| Task details |
Below are some records: retype them all exactly, but not the pictures.

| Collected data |
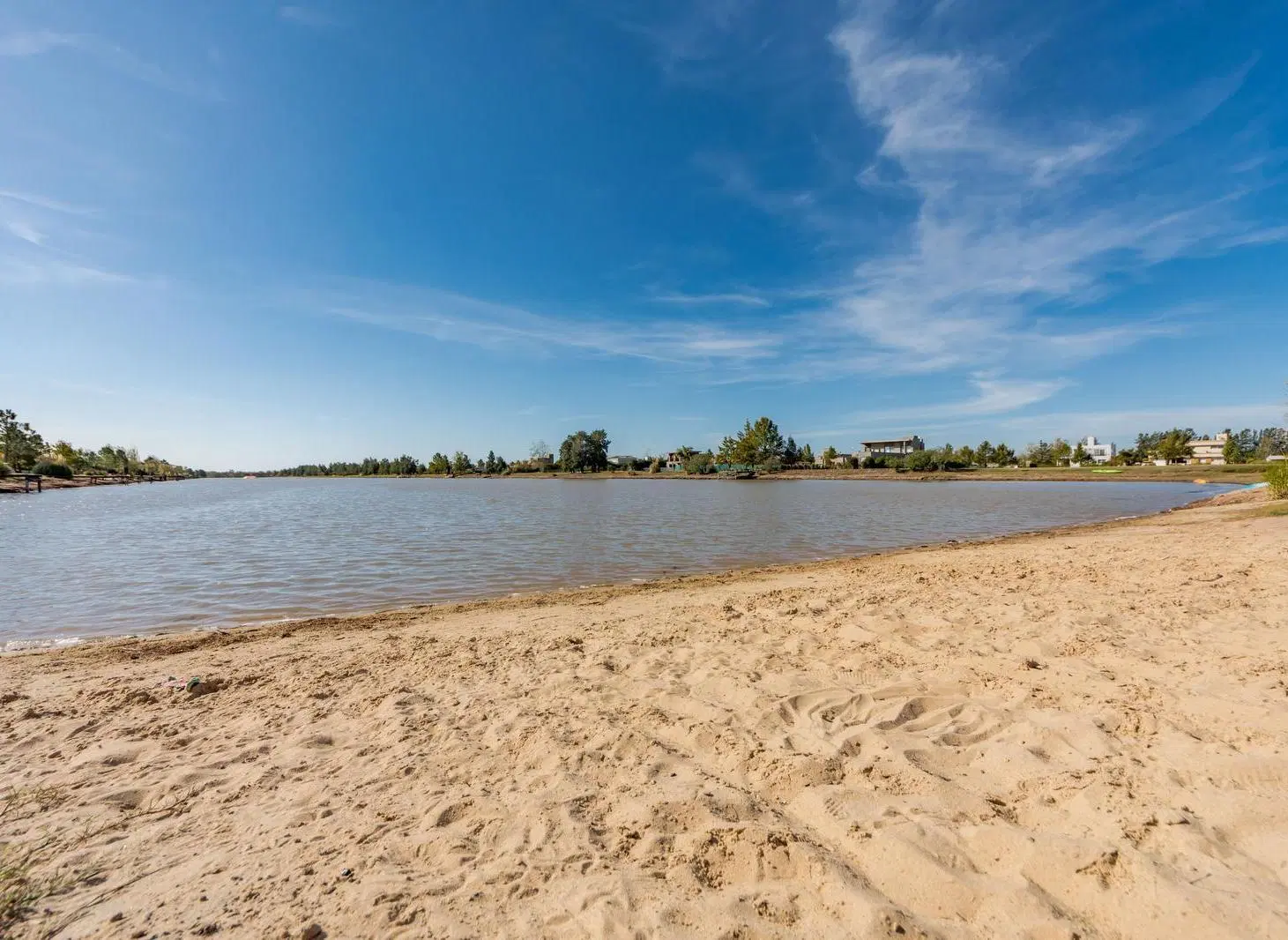 Terreno frente al lago en Venta B° Puerto Roldán 1537 m2 4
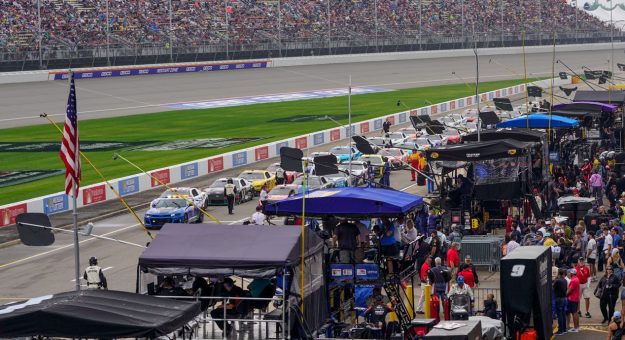 Visit Rain pushes Cup race to Monday finish page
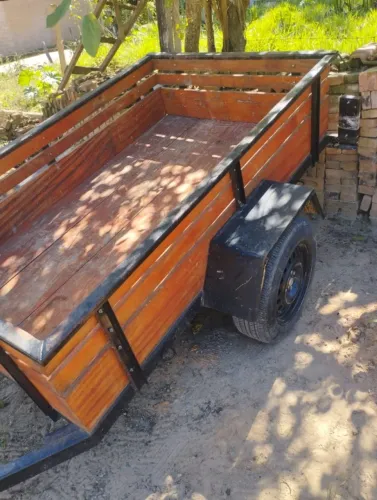 Carretinha excelente vende se ou troca por piscina grande de no máximo 130 de fundura .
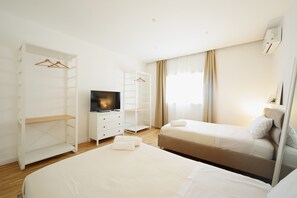 2 bedrooms, WiFi, bed sheets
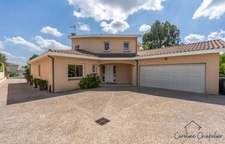Maison de 200m², 4 chambres, bureau, 2 SDB, 3 WC, double garage, jardin piscinable. 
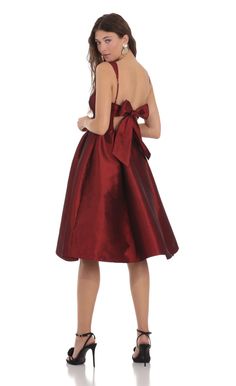 Square Neck Flare Midi Dress in Maroon | LUCY IN THE SKY Maroon Midi Dress, Flare Midi Dress, Taffeta Fabric, Lucy In The Sky, Ballet Fashion, 25th Birthday, Burgundy Dress, Night Outfits, Date Night Outfit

| Answer box |
 Terreno frente al lago en Venta B° Puerto Roldán 1537 m2 4
 Visit Rain pushes Cup race to Monday finish page
 Carretinha excelente vende se ou troca por piscina grande de no máximo 130 de fundura .
 2 bedrooms, WiFi, bed sheets
Maison de 200m², 4 chambres, bureau, 2 SDB, 3 WC, double garage, jardin piscinable. 
 Square Neck Flare Midi Dress in Maroon | LUCY IN THE SKY Maroon Midi Dress, Flare Midi Dress, Taffeta Fabric, Lucy In The Sky, Ballet Fashion, 25th Birthday, Burgundy Dress, Night Outfits, Date Night Outfit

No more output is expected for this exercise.